I went through a period of about a year and half of self doubt around 4 years ago.  I had been successful in my work, I was growing my reputation as a Funeral Celebrant and I had people flying interstate just to have a Reading with me.  Everything was going smoothly, or so I thought.  There were issues in my life around my nuclear family which were beginning to take their toll and were unable, at the time to be resolved.  Because of this, my mind-set was a little crumpled and more and more as I stepped out into he outside world, I was feeling beaten down by the competitive nature of others in my industry.  I began to feel I wasn’t as good as them, I began to think that my abilities were not as powerful and not as accurate.  I couldn’t take the cattiness of women and the mind games of co-workers.  Normally, I’d just ignore this kind of behaviour and rise above it, or just don’t get involved, but during this time, I let myself get affected by it.

Self doubt had begun to win.  I stopped working as a professional clairvoyant, I took less and less funeral jobs and I began to hide from the world.  I was afraid that I wasn’t good enough and that my abilities were not all I’d thought they were.
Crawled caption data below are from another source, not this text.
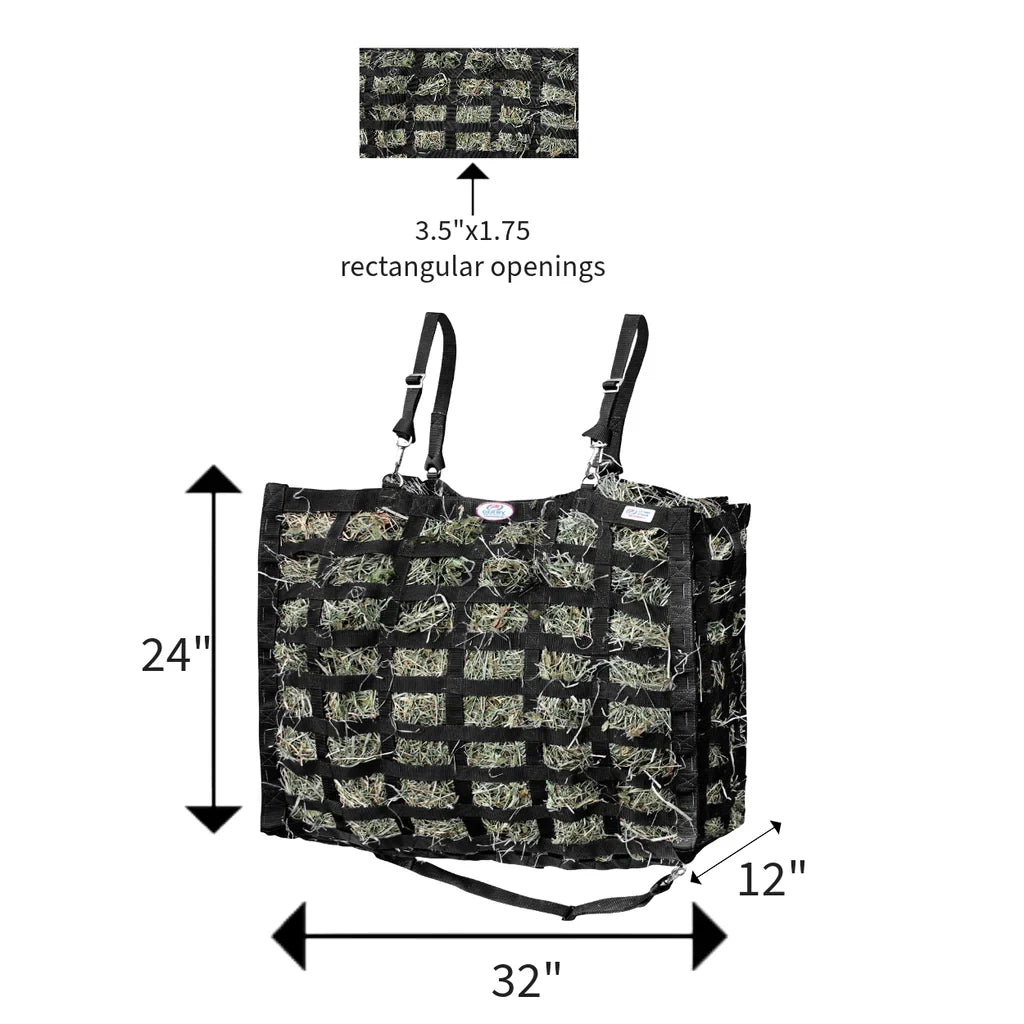 Superior Large 4-Sided Slow Feeder Horse Hay Bag – 1.75" x 3.5" Horse Mouth Openings – Balanced Feeding | Patented Design – 1-Year Warranty
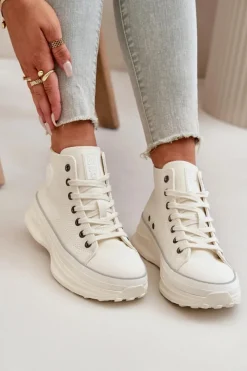 Trampki Ocieplane|Trampki Damskie Big Star></noscript>Big Star Shoes Trampki Damskie Na Platformie Eko Skórzane Big Star OO274064 Białe Biały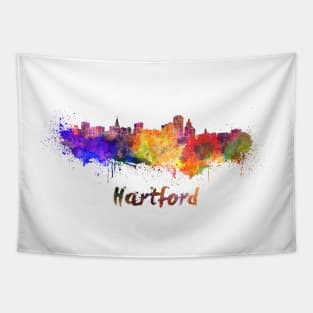 Hartford skyline in watercolor Tapestry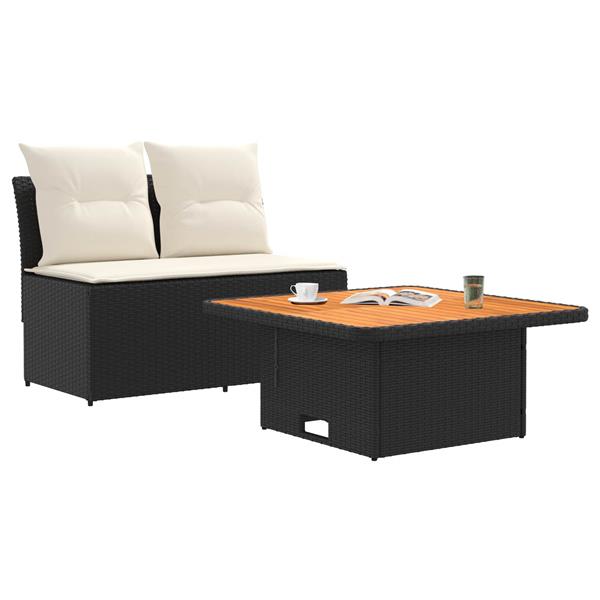 Grote foto vidaxl 2 stuk tuin middelste sofa met uitschuiftafel poly rattan tuin en terras tuinmeubelen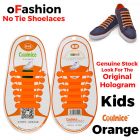 No Tie Shoelaces Silicone - Orange 12 Pieces for Kids
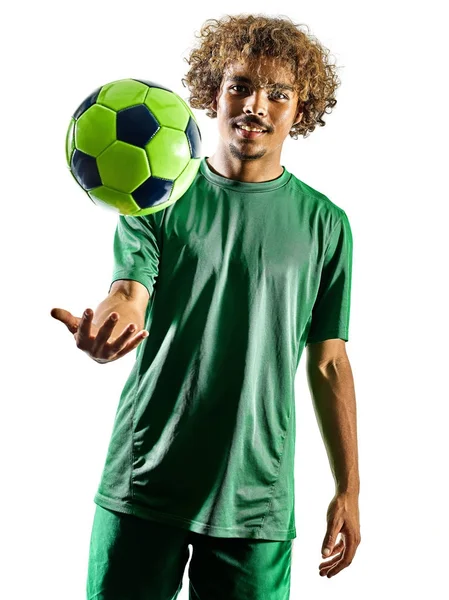 Młody nastolatek piłka nożna gracz człowiek sylwetka na białym tle — Zdjęcie stockowe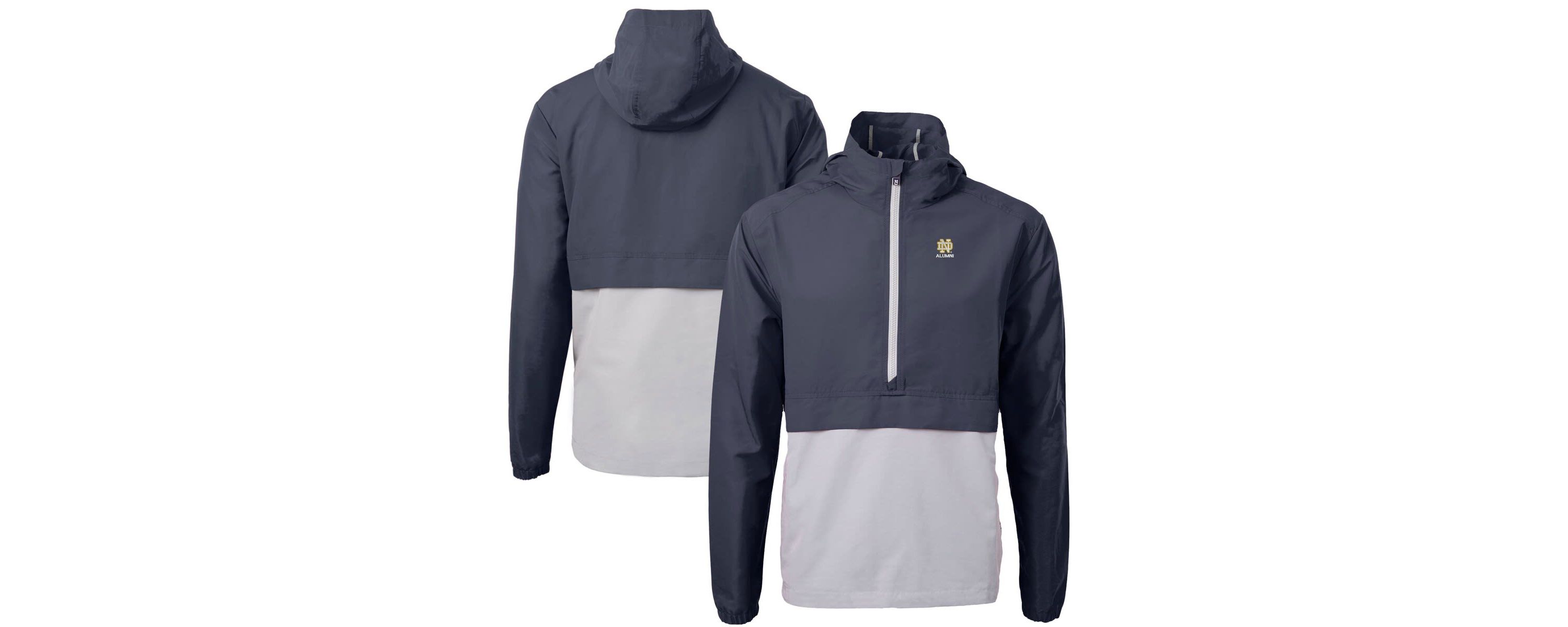 NCAA Notre Dame Fighting Irish Alumni Logo Charter Eco Knit Recycled Anorak Half-Zip Jacket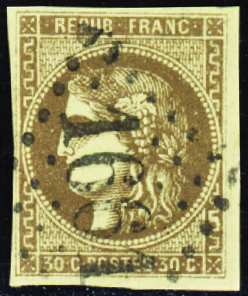 N°47 30c brun TB obl. GC 1661 Givors (Rhône) TB si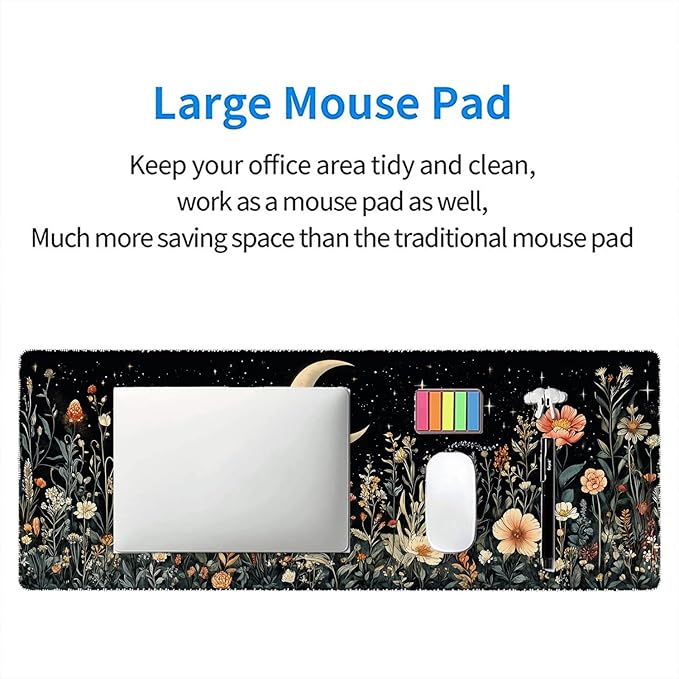 Cute Mystical Plants Desk Pad Whimsical Moon Stars Extended Gaming Mouse Mat with Stitched Edge Non-Slip Base - Big Office Computer Keyboard Laptop Home - 31.5"x11.8"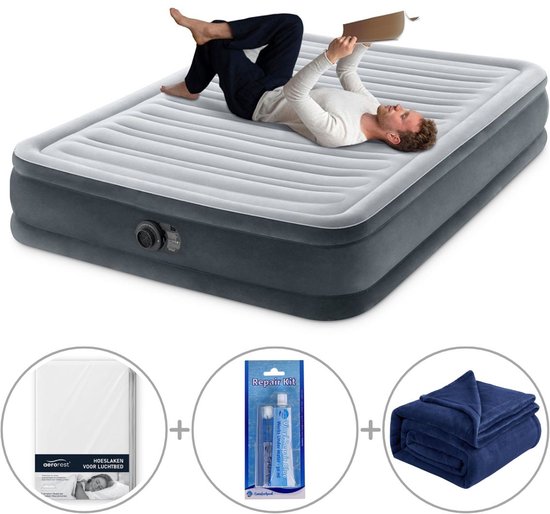 Intex Comfort Plush luchtbed | Twijfelaar | 191 x 137 x 33 cm | Inclusief bijpassend hoeslaken + reparatiekit + fleecedeken van Intex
This went on for a good 18 months.  Until one day, a woman rang me in a state of confusion and grief.  She asked if I could counsel her and help her to get her head around her life.  I felt badly for this person and I agreed.  However, that day, I also received another phone call.  This one was from a Dr, to tell me the results of some tests.  I was told that one of my children had a special need.  I now had to get my head around both of my children having been diagnosed with a disability.  My emotional state, was a heavy low.  I needed some time out and my Mother came and took me for a coffee.  The woman I’d agreed to help rang me several times.  She wanted to see me earlier, she was a mess.    Eventually, I picked myself up and took myself home.

Counselling session
Image thanks to tharagayhouse.co.za

I greeted my client and sat down with her, I drew a map of her life and we discussed what was out of balance and what was in need of some more attention.  I gave her a plan and I made her a cup of tea and I let her talk.  In the end I told her why I hadn’t answered my phone and she was humbled.  She hadn’t considered that I would have had my own issues to deal with that day, and that was ok.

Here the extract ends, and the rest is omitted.